It can be clearly seen from Fig 4 that compared with several other denoising methods (wavelet threshold denoising, exponentially weighted moving average denoising, and moving average denoising), TLDCF-TSD can significantly reduce the non-stationarity of the sequence.

Bidirectional Temporal Convolutional Enhanced Network (BiTCEN).

A one-dimensional convolutional neural network (1D CNN) is a specialized type of convolutional neural network designed to extract local features from time series data by utilizing one-dimensional convolutional kernels along the time axis. Initially, the input data is processed through convolutional layers, where the kernels slide along the time axis and perform dot product operations with the input data, creating feature maps. These feature maps are then passed through non-linear activation functions, enhancing the model’s expressive capabilities. Stacking multiple convolutional layers enables the model to capture deeper temporal dependencies. Additionally, 1D CNNs may include pooling layers that reduce the dimensions of the feature maps by taking the maximum or average value within a local region, thereby decreasing computational complexity and mitigating overfitting risks. After multiple convolutional and pooling layers, the feature maps are integrated into a one-dimensional vector through a fully connected layer. Finally, the output layer performs predictions based on the task, such as classification or regression. This approach allows 1D CNNs to efficiently process one-dimensional time series data and extract complex temporal features. However, 1D CNNs may be less effective in capturing long-range dependencies.
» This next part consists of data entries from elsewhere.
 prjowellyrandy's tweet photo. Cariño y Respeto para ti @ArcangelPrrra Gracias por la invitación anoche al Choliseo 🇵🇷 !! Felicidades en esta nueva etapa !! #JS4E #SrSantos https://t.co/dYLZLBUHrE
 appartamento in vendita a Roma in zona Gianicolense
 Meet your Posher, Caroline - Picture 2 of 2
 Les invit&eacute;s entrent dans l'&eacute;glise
Temporal Convolutional Network (TCN) [37] is a deep learning model composed of a series of causal convolutional layers and dilated convolutional layers. When applied to time-series tasks, TCN effectively maintains temporal order while leveraging parallel computation capabilities. Compared to 1D CNNs, TCN demonstrates improved stability and training efficiency, making it particularly suitable for handling long sequence data. However, TCN only employs forward convolutions, extracting features solely from the forward input sequence of corn prices, thereby overlooking implicit information in the backward sequence.
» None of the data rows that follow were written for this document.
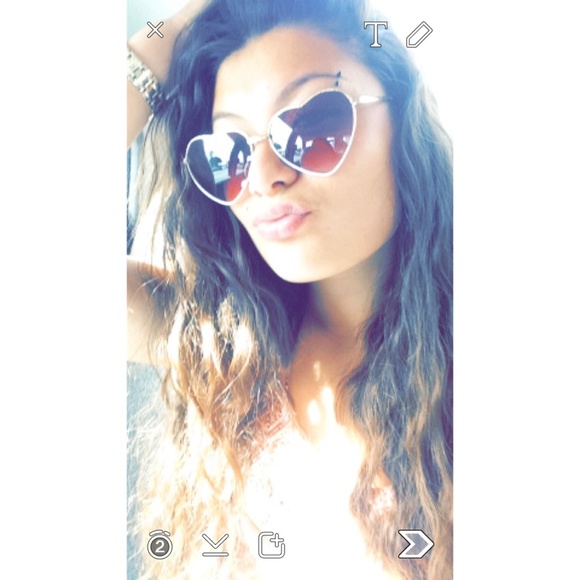 Profile Picture of Vanessa Hernandez (@young_nessa23) on Poshmark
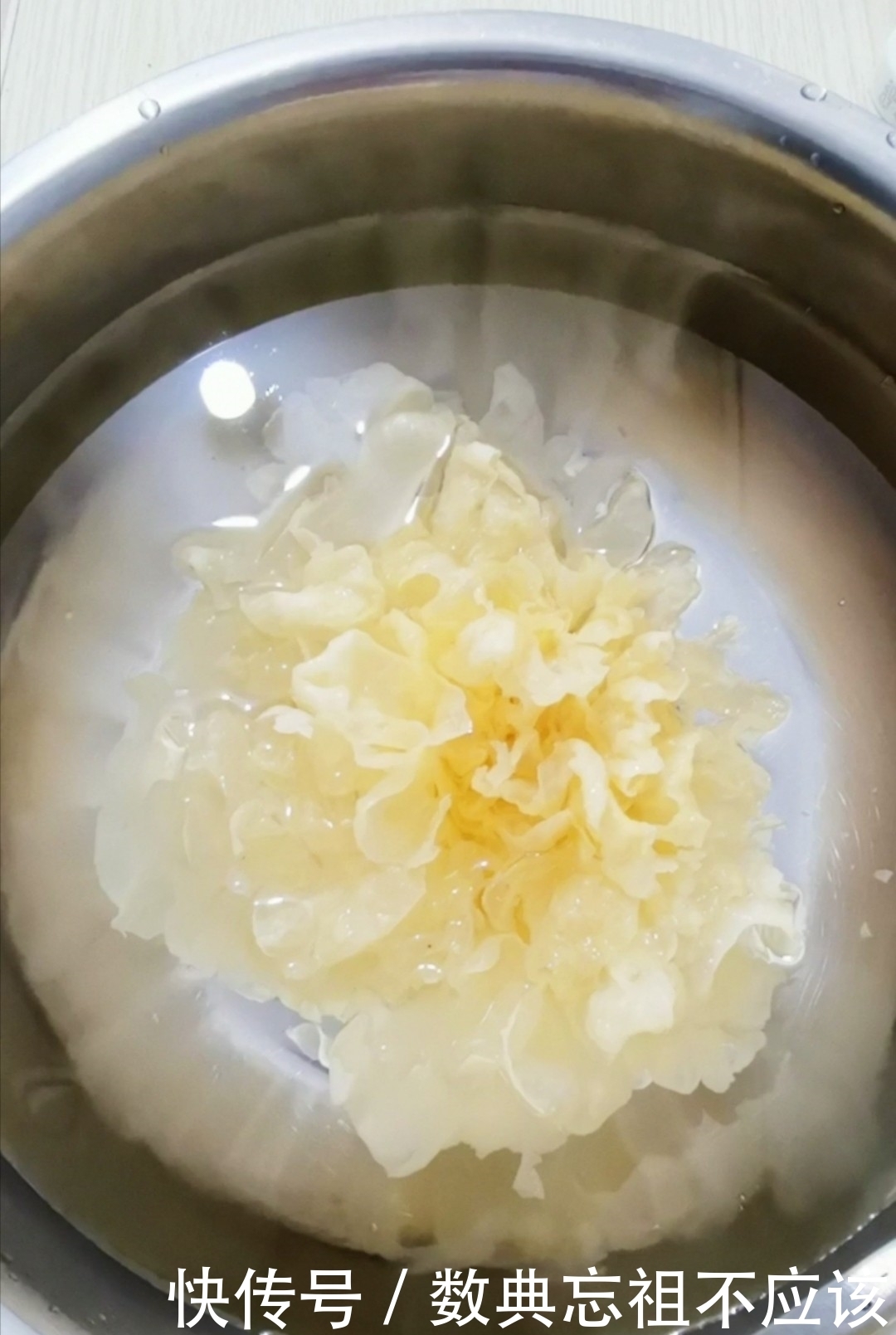 无梦到|“天然褪黑素”被发现,睡前喝1碗,一夜无梦到天亮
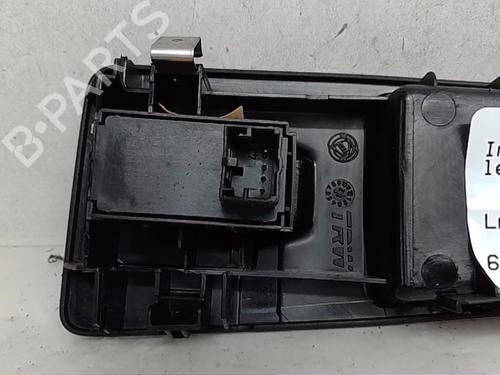 Used Right front window switch LANCIA DELTA III (844_) 1.9 D Multijet (844.AXE1A) (190 hp) 13832313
To address this limitation, we propose a new time series processing algorithm called Bidirectional Temporal Convolutional Enhanced Network (BiTCEN). The structural design of BiTCEN is unique and significantly different from traditional algorithms. Traditional bidirectional temporal convolutional networks have limitations when processing time series data. BiTCEN not only retains the bidirectional structure but also conducts in-depth optimization. By processing the time series through forward and backward temporal convolutional layers respectively and then cleverly fusing the outputs of the two directions, it can more comprehensively capture the long-term dependencies and dynamic changes in the time series. In terms of the activation function, LeakyReLu is used instead of the traditional ReLu. The LeakyReLu activation function allows a small non-zero slope when the input is negative, effectively alleviating the neuron “death” problem that may be caused by the traditional ReLu activation function, making the network more stable during training, better adapting to complex data distributions, and greatly improving the generalization ability of the model. At the same time, a hybrid structure combining ordinary convolution and dilated causal convolution is adopted. An ordinary convolution layer is added before the dilated causal convolution. Ordinary convolution can capture the local spatial correlation of the time series, and dilated causal convolution can extract features on different time scales, providing a powerful tool for feature extraction.

BiTCEN can extract richer and more accurate features from time series data. This performance surpasses many existing time series analysis algorithms. Through innovative designs of the bidirectional structure, activation function, and convolution combination, it can better adapt to the complexity and variability of time series data and provide more valuable information for subsequent analysis and prediction tasks. For example, in time series analysis in different fields, BiTCEN can more accurately capture key features and provide strong support for decision-making.

BiTCEN has high flexibility and scalability. It can be adjusted and optimized according to different time series data types and analysis tasks. This characteristic enables BiTCEN to adapt to different application scenarios and provides more possibilities for research and application in the field of time series analysis. Whether it is price prediction in the financial field, forecasting in the meteorological field, or equipment monitoring in the industrial field, BiTCEN can play an important role and provide new ideas and methods for solving practical problems. The structure of BiTCEN is illustrated in Fig 5.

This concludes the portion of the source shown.